**Work instructions:** Skip the pictures. Retype exactly, and only, the lines between the line holding "[BUNJANG] SpongeBob Bikini" and the last line below, inclusive.

(Collected data entries)
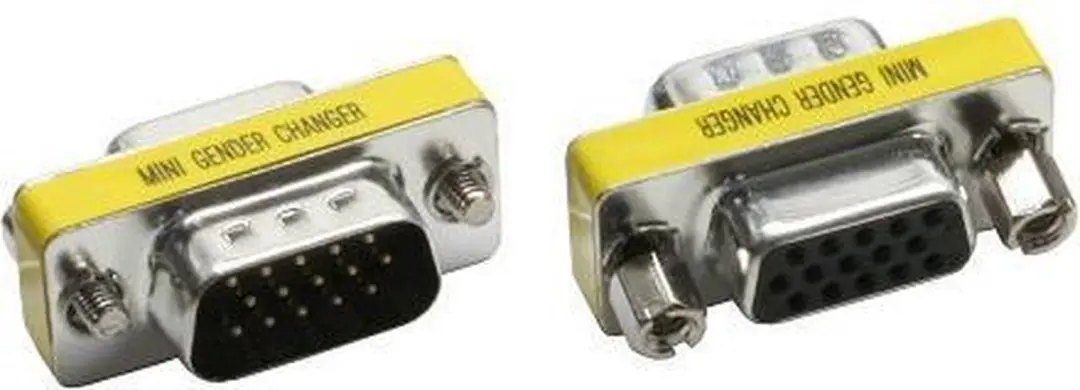 InLine 47714 VGA Tussenstuk HD - Zilver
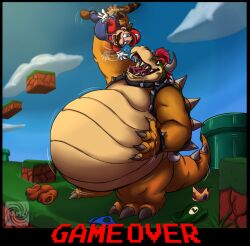 bowser from mario (series)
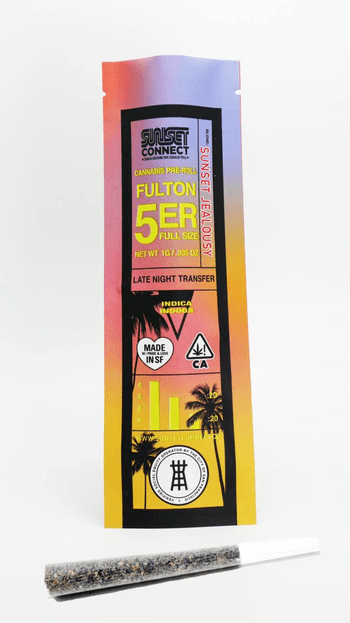SUNSET CONNECT | LEMON CHERRY POP | 1G PREROLL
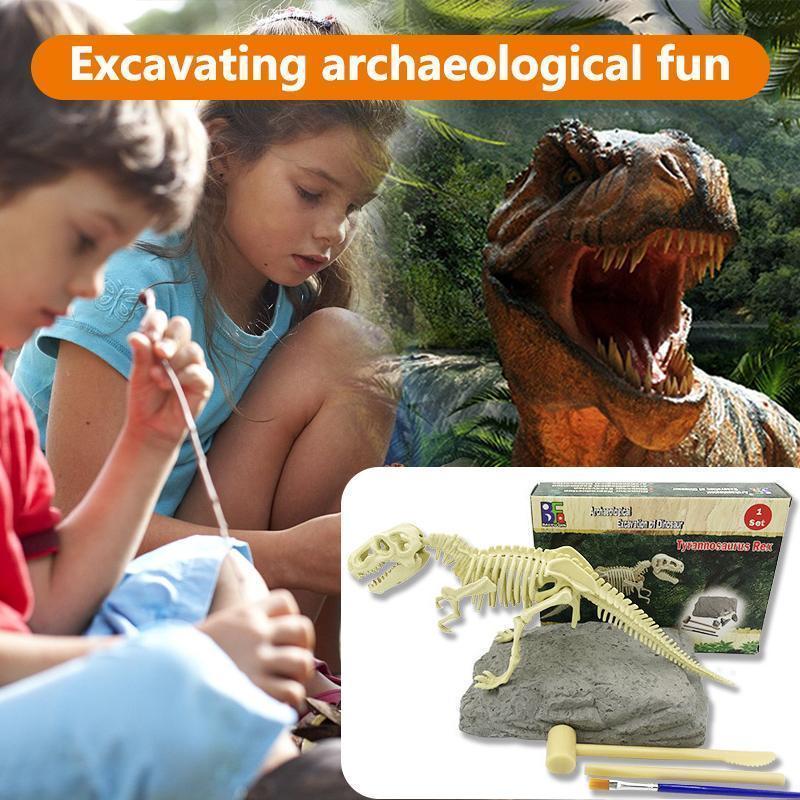 ComfyBear™DIY Archaeological Mining Dinosaur Fossil Toys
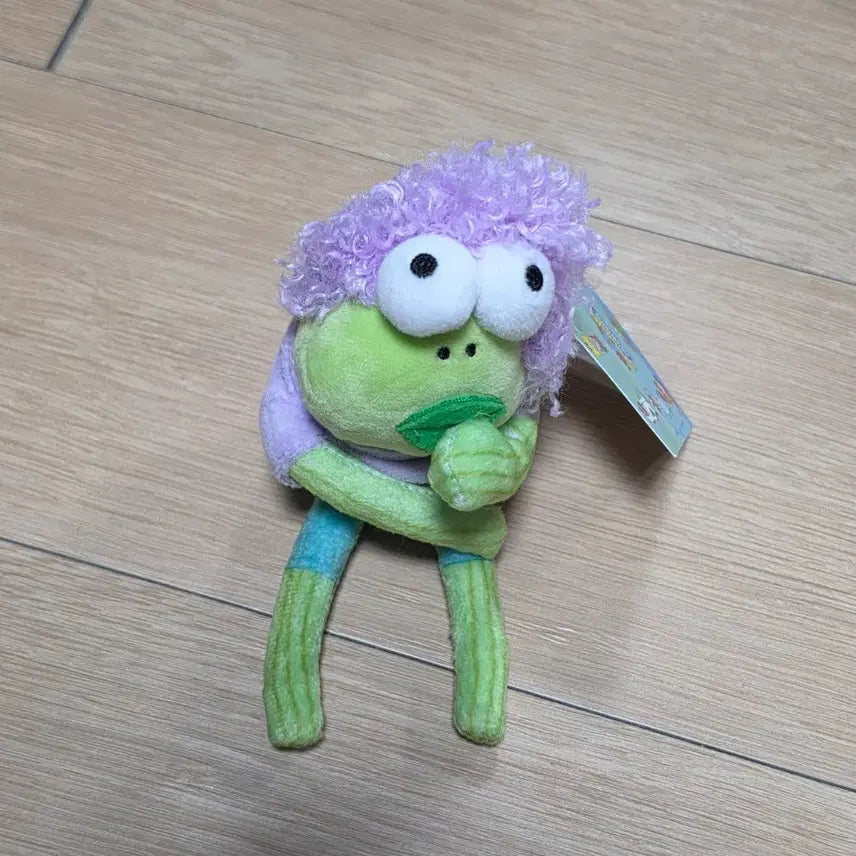 [BUNJANG] SpongeBob Bikini Bottom Residents Doll Keychain / 비키니시티 주민 인형 키링 스폰지밥 물고기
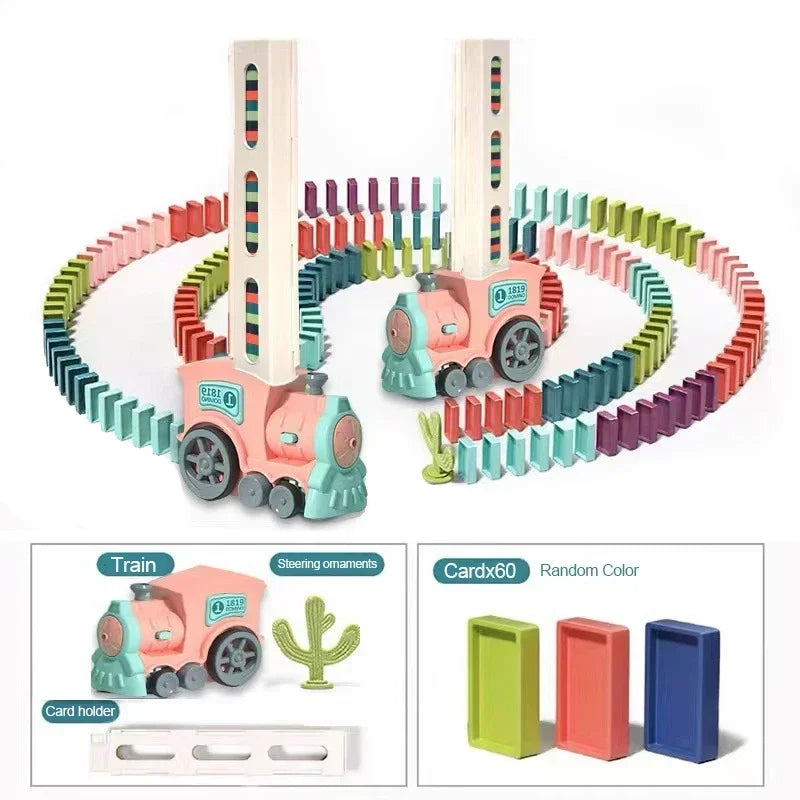 Creative Domino Train Playset™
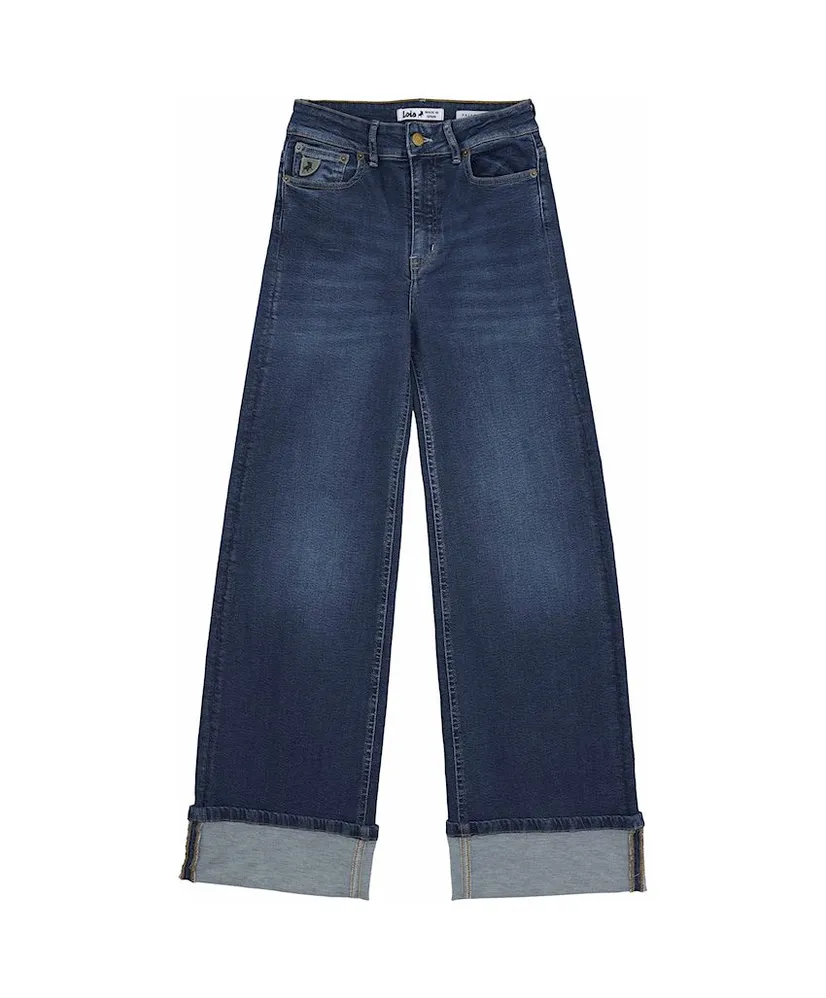 Lois Jeans Jeans Palazzo Turn Up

**Solution to this problem:**
 [BUNJANG] SpongeBob Bikini Bottom Residents Doll Keychain / 비키니시티 주민 인형 키링 스폰지밥 물고기
 Creative Domino Train Playset™
 Lois Jeans Jeans Palazzo Turn Up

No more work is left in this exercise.